Why Strong Consistency Matters with Event-driven Architectures
Event-driven architectures are widely adopted patterns that model an application as a series of software components or services. Those services react to commands that represent business and/or user actions and result in events. Event-driven architectures help modern applications solve the challenges of scalability, auditability / traceability and immutability. These architectures become especially powerful if you can partition your data into smaller subsets. This allows event processing to scale horizontally in a large distributed architecture, like microservices.
However, event-driven architectures are not a complete panacea. A critical aspect of an event-driven architecture is the causal relationship between datasets; processing the current event often depends on states derived from previous events. This requires an exact ordering of events. In a distributed system, ordering of events becomes a severe challenge because of what has become known as the “fallacies of distributed computing” where data is obliged to flow over an unreliable network that introduces some level of latency. This leads to the pattern commonly known as eventual consistency, which pushes the complexity of consistency to the application tier.

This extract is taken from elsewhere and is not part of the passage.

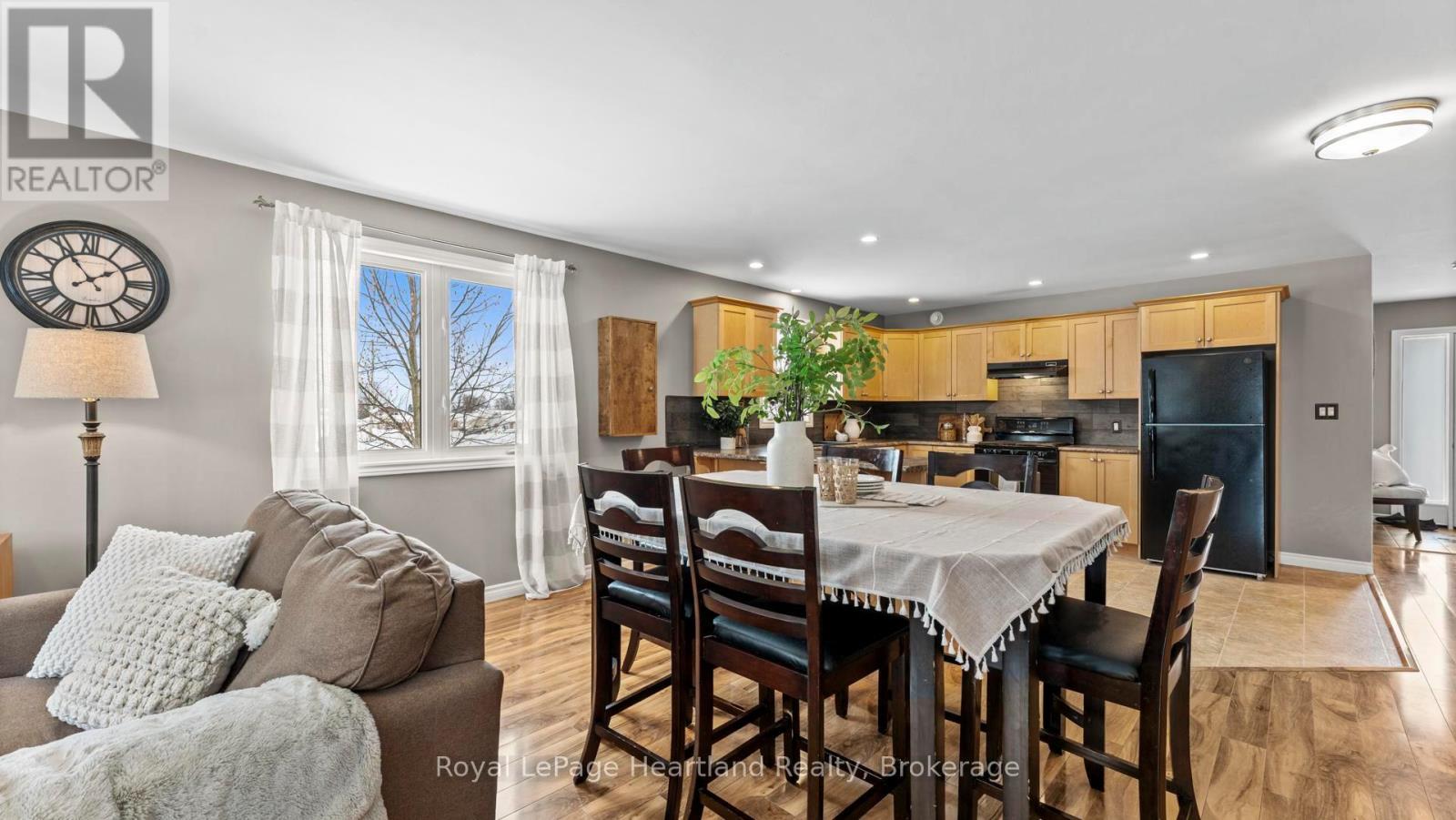 180 Toronto Boulevard, Huron East (Vanastra), ON - Indoor Photo Showing Dining Room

This becomes especially difficult with the current generation of NoSQL databases that provide global scale by throwing out the features that made prior database systems so attractive, such as flexibility in how the data was modeled and most importantly the ability to enforce the integrity of the application using database transactions. Maintaining these constraints is termed consistency - one of the foundations of ACID transactions featured in most traditional RDBMS. The current generation of NoSQL databases either introduces windows of inconsistency at best (eventual consistency), which must be reconciled (not always feasible), or introduces complex cluster orchestration to partition the stream of events, which must be maintained across all services that process the stream. With consistency often missing in modern NoSQL databases, achieving it can be a major challenge of modern scale-out, event-driven architectures. It’s also important to note that modern NoSQL databases do not keep a history of data revisions and have no way to report on these changes, making it difficult to offer auditability.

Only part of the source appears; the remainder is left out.